Records supplied:
Start of Block

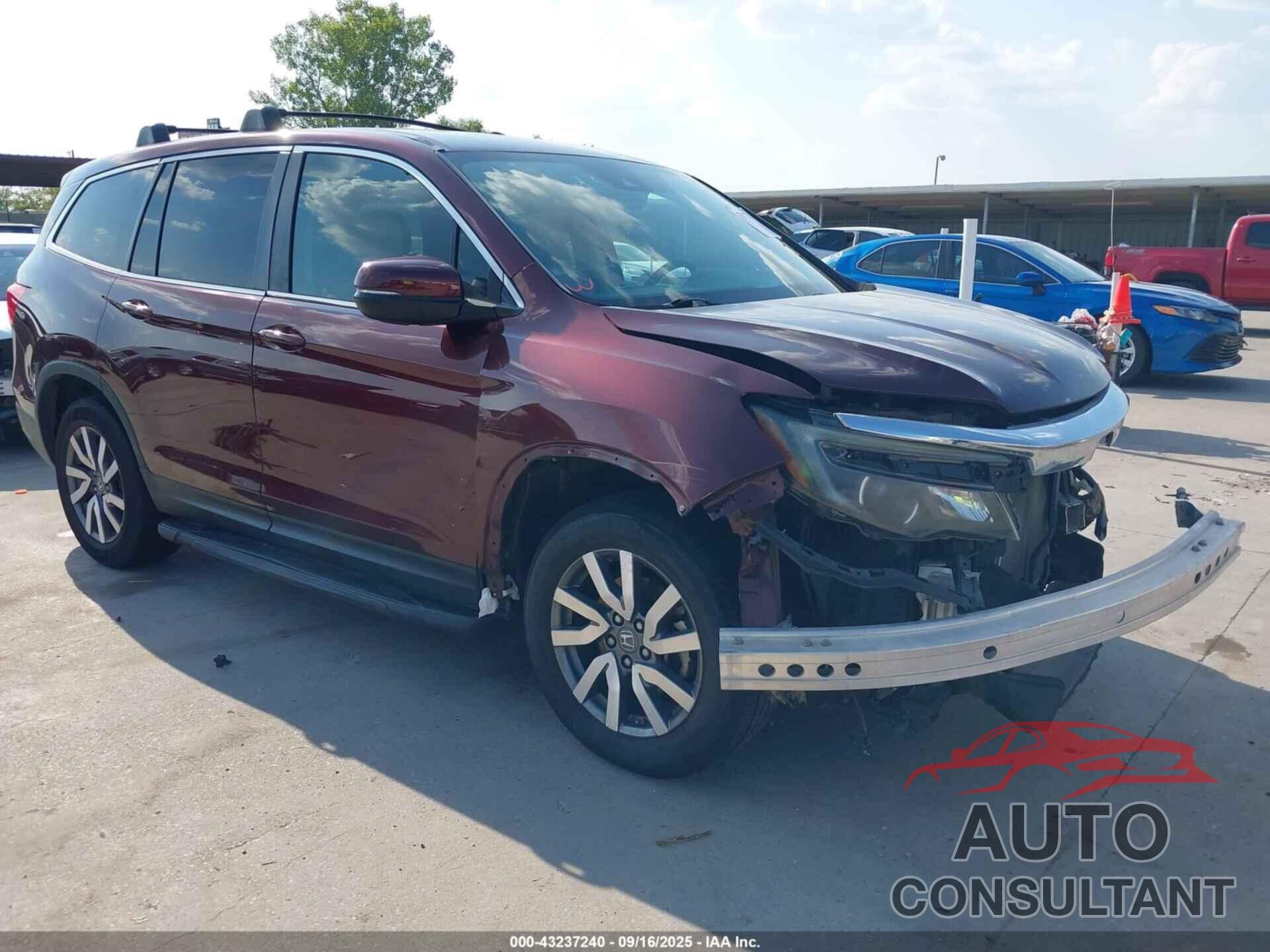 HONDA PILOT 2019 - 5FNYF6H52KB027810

End of Block
Start of Block

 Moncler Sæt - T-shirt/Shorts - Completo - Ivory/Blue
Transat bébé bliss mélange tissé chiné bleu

End of Block

What needs to be done:
Everything from the line with "Moncler Sæt - T-shirt/Shorts" through the line with "Transat bébé bliss mélange tissé chiné bleu" in the listing above must be retyped exactly, with nothing added.

Response box:
 Moncler Sæt - T-shirt/Shorts - Completo - Ivory/Blue
Transat bébé bliss mélange tissé chiné bleu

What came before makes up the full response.